Philosophical-Historical Triangulation: Sartre-Hegel, Research Time, 15/09/2013

Another part of our experiment, an inconsequential joke at Hegel’s expense for a Sunday post. 

Throughout one chapter of Critique of Dialectical Reason, Sartre returns repeatedly to different parts of his analysis of the French Revolution. He conceives of the Terror as a kind of institutionalized paranoid violence, the ability to expel anyone from the revolutionary community. A radically fast converter of friend to enemy. But remember Friday’s point about betrayal: the new enemy is always a brother and the object of love. The Terror is a social machine, constituted from the actions and relations of a community of individuals. Its purpose is to identify traitors, but it’s gone a bit wonky, and the people who themselves are the machine don’t catch on to what they’re doing wrong just yet.

He calls an institution with this power the Sacred, a term that clearly evokes religion and religious institutions. In a later chapter, he discusses membership in the Catholic Church as a phenomenon of giving someone the freedom to leave it. He discusses parents saying that they’ll baptize their child at birth, expecting him to decide for himself what religion to follow: Catholicism, or to be an atheist like his parents. Sartre has adopted the Hegelian tradition; he is writing a dialectical philosophy, after all. But here is a massive departure from Hegel which I think I should take seriously as I research this tradition of thinking about history.

For Hegel, a uniform religion which drove the personal, political, and social morality of the people was essential for a culture/state (by this point in Hegel’s conception of a culture’s development toward highest reason, the two are now synonymous) to achieve harmony among its parts and with reason. This struck me as being very important to Hegel’s thinking. Surely a dialectical tradition would have to follow the logic of the dialectic, following the unity of the people from a community to a culture to a state to a religion.

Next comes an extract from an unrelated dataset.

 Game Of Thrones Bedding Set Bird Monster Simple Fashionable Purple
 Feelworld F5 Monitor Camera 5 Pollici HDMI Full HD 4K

I make a hash out of a complicated philosophy, I admit it. But hyperbole aside, I think it’s a legitimate question when you research the development of philosophy, and do philosophy yourself, to ask what it means for one thinker to follow the tradition of another. How far can a thinker depart from his ancestor before we no longer call him an ancestor?

For one, religion is one of the penultimate developments of a society's harmony and uniformity with reason. For the other, religion is an evocation of institutionalized violence on social scales, and a simple lifestyle choice on familial scales. I certainly know which of the two visions I like best. But it's interesting to see the departures in figures that are considered, at least with this book, to be in the same tradition.

1 comment:

  1. On your last point, you might think of misprision, the notion that authors inevitably misread their influences/ productive misreading.

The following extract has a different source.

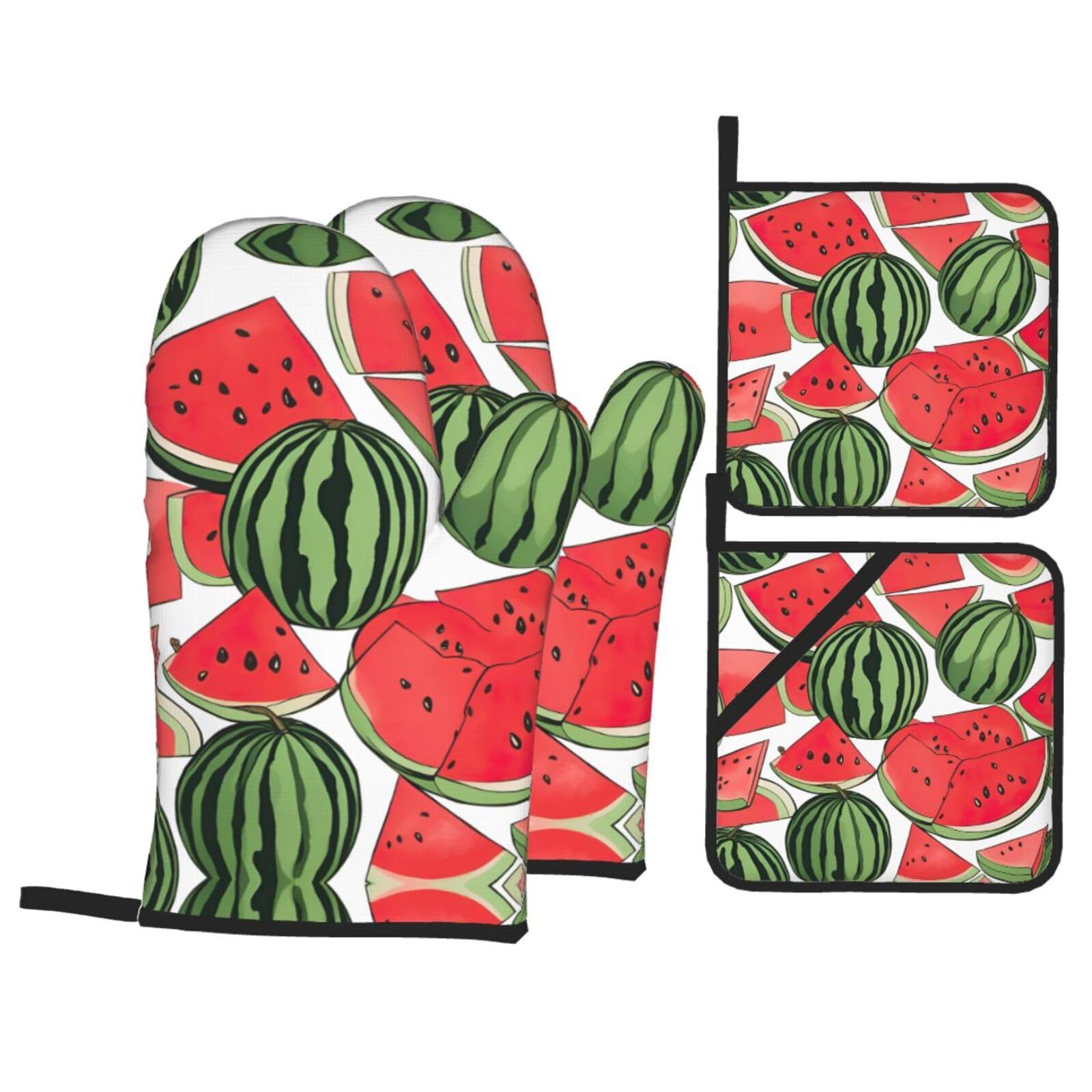 Red Watermelon Print Stylish 4-Piece Microwaving Oven Waterproof Kitchen Gloves Baking Holiday Cooking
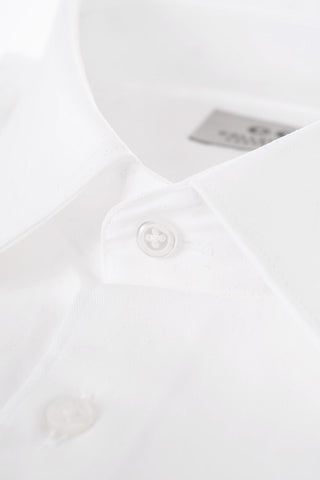 CC COLLECTION Herringbone Cotton Shirt with Spread Collar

    The difference between Hegel and Sartre is to my mind a classical consensus vs. conflict set of expectations. Hegel is uncomfortable with conflict and wants to explain it away; Sartre is uncomfortable with consensus/ conformity and wants to explain that away. Sartre's productive misreading of Hegel is to assume that there is some positive dimension to extraneous conflict in Hegel's imaginary.

    Now that I write that, I'm not sure how useful the concept it.

    But you haven't posted for today, so that's all you'll get!